DUBLIN CONFERENCE:THE AUSTERITY measures being imposed on Greece are "mad", and indicate that Europe learned no lesson from the rise of the Nazi Party, Germany's main opposition leader said yesterday.
Sigmar Gabriel, the chairman of the Social Democratic Party and potential future chancellor, said the measures were “mad” and amounted to an “evil circle”.
At a seminar organised by the Institute of International and European Affairs in Dublin yesterday, Mr Gabriel cited the example of Weimar Republic chancellor Heinrich Brüning, who cut successive budgets during the Great Depression.
Germany ended up with six million people unemployed. Brüning’s cutbacks contributed to a rise in support for the Nazi Party, which grabbed power in 1933.
Mr Gabriel said it would be “impossible” for Greece to solve its problems without a policy for growth and unemployment.
He accused the European Council of leading the country into a “dead-end street”.
Mr Gabriel signalled that the German people may have to have a referendum of their own if changes to the Lisbon Treaty lead to changes in the German constitution.
He praised Ireland for its measures in dealing with its own bailout and said he hoped they would bear fruit.

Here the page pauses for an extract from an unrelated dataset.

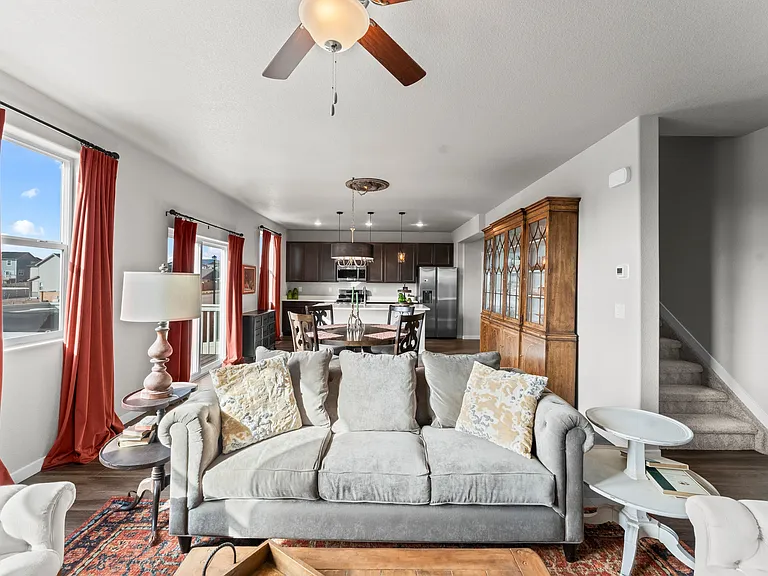 5204 Roundhouse Dr — Photo 3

He told the audience that the crisis in the euro zone was really a crisis of European unity and it was apparent with “brutal clarity” that successive bailouts were insufficient in the long term.

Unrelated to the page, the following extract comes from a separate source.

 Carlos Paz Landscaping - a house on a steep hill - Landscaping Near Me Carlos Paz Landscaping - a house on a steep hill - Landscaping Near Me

Mr Gabriel said countries such as Greece and Italy should have taken advantage of lower interest rates when they joined the euro zone to develop their economies and infrastructure and become more competitive.
Instead, they used it for current spending.

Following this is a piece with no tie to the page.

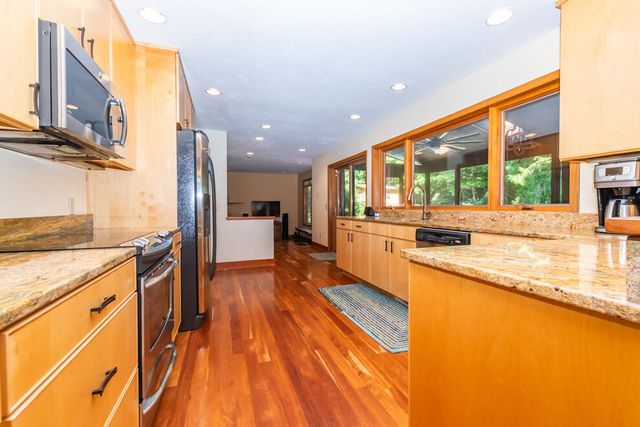 6798 Oak Highlands Drive, Kalamazoo, MI 49009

He also criticised his own country, which had accumulated about €1 trillion in savings that could have been invested in the real economy, but instead went into high-risk investments and real estate.
He said the solution would involve great fiscal, economic and political union, but he acknowledged that this could be “enormously difficult” for EU citizens.
When asked if that meant there would be changes to Ireland’s corporation tax rate, he suggested that the rate could remain as long as the “fundament of taxes” across euro zone countries remained the same.
Citizens were entitled to ask, he said, who was ruling them – governments or the markets.
He said the fact that finance ministers hold their summits at weekends in between markets opening and closing was a “clear signal” about who was ruling whom.
He proposed the introduction of a tax on bank transactions which would be used for investment purposes across the euro zone.